Soil salinization poses a significant challenge for rice farming, affecting approximately 20% of irrigated land worldwide. It leads to osmotic stress, ionic toxicity, and oxidative damage, severely hindering growth and yield. This study investigates the potential of lignin-containing cellulose nanofiber (LCNF)-selenium nanoparticle (SeNPs) hybrids to enhance salt tolerance in rice, focusing on two rice genotypes with contrasting responses to salt stress.
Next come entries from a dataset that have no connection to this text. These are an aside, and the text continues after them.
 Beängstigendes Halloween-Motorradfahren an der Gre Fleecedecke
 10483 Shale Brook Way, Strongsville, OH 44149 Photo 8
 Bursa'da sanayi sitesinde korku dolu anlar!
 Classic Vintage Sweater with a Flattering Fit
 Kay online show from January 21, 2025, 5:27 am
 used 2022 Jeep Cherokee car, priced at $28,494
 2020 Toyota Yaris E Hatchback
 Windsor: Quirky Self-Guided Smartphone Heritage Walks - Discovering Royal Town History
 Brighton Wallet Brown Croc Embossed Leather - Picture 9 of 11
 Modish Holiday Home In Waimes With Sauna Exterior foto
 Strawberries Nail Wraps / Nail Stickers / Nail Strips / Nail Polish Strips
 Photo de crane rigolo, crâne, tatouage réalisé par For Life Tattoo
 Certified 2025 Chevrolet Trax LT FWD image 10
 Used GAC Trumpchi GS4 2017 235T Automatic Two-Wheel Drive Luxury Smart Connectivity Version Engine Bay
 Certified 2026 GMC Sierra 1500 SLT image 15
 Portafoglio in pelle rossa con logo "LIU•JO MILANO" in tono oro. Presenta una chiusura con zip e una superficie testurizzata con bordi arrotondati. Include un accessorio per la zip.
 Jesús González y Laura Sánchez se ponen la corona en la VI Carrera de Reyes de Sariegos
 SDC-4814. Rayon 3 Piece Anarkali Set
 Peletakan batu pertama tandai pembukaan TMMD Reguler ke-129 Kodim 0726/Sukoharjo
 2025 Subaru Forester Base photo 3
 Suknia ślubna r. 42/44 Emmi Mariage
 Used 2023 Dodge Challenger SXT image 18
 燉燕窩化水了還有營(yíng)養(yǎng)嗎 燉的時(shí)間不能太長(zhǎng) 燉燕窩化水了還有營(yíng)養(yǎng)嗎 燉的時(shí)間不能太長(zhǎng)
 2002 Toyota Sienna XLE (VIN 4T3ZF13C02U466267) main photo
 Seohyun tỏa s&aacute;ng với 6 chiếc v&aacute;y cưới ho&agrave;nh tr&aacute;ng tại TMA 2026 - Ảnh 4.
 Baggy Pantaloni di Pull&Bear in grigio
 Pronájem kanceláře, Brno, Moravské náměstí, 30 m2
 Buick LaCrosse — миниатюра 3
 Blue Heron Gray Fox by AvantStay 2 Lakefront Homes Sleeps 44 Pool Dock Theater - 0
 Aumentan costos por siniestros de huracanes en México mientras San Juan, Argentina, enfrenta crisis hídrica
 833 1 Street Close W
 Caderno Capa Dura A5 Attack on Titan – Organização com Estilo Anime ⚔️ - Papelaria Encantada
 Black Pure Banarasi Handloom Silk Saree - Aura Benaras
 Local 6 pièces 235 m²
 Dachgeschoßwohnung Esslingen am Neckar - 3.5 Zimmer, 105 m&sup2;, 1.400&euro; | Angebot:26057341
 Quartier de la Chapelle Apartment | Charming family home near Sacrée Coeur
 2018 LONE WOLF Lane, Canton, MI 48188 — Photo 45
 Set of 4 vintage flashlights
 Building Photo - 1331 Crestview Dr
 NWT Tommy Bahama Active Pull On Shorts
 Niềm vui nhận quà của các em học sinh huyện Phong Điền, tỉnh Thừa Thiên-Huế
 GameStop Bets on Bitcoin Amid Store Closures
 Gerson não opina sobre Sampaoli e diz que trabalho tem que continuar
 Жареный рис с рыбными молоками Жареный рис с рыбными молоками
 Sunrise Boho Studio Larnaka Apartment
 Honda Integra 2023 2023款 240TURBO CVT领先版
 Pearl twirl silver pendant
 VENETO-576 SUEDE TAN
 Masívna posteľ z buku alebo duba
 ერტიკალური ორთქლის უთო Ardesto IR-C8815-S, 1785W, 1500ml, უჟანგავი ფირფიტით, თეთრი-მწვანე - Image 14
LCNF-SeNP hybrids were synthesized using a microwave-assisted green synthesis method and characterized through FTIR, X-ray diffraction, SEM, TEM, and TGA. The effects of LCNF/SeNPs on seed germination, physiological responses, and gene expression were evaluated under varying levels of NaCl-induced salt stress. Results indicated that LCNF/SeNPs significantly enhanced the salt tolerance of the salt-sensitive genotype IR29, as evidenced by increased germination rates, reduced salt injury scores, and higher chlorophyll content. For the salt-tolerant genotype TCCP, LCNF/SeNPs improved shoot lengths and maintained elevated chlorophyll levels under salt stress. Furthermore, LCNF/SeNPs improved ion homeostasis in both genotypes by reducing the Na+/K+ ratio, which is crucial for maintaining cellular function under salt stress. Gene expression analysis revealed upregulation of key salt stress-responsive genes, suggesting enhanced stress tolerance due to the application of LCNF/SeNPs in both genotypes. This study underscores the potential of LCNF/SeNPs as a sustainable strategy for improving crop performance in saline environments.